◆ **What is required**
Could you set down exactly the lines in the records below between the line holding "Appartement F3 à" and the line holding "Значок с эмблемой", inclusive?

◆ **Entries shown**

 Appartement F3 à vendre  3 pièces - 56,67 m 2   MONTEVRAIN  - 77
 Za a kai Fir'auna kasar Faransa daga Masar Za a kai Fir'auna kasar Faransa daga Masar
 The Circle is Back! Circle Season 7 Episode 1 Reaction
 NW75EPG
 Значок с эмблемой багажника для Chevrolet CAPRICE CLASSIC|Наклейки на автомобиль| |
==
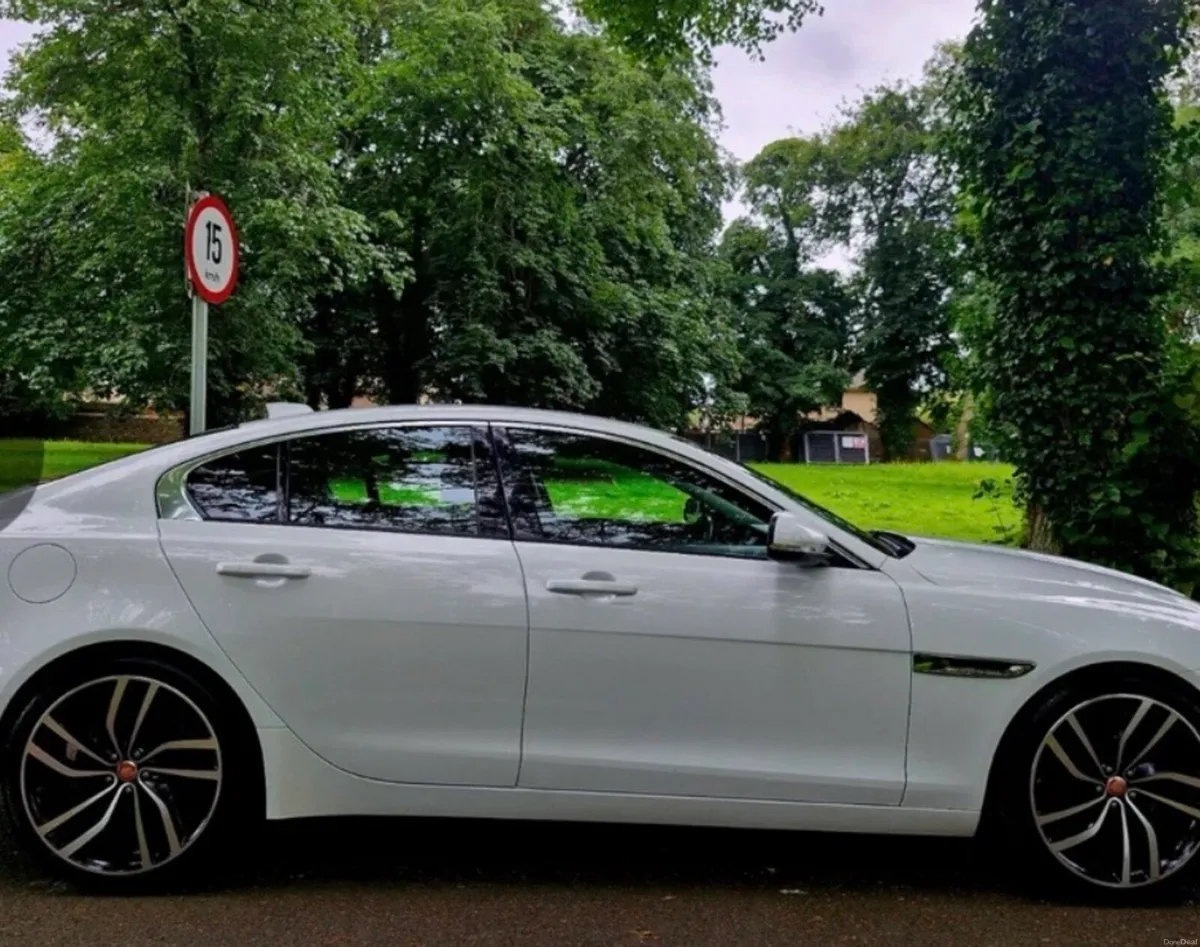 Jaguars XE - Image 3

◆ **Expected output**
 Appartement F3 à vendre  3 pièces - 56,67 m 2   MONTEVRAIN  - 77
 Za a kai Fir'auna kasar Faransa daga Masar Za a kai Fir'auna kasar Faransa daga Masar
 The Circle is Back! Circle Season 7 Episode 1 Reaction
 NW75EPG
 Значок с эмблемой багажника для Chevrolet CAPRICE CLASSIC|Наклейки на автомобиль| |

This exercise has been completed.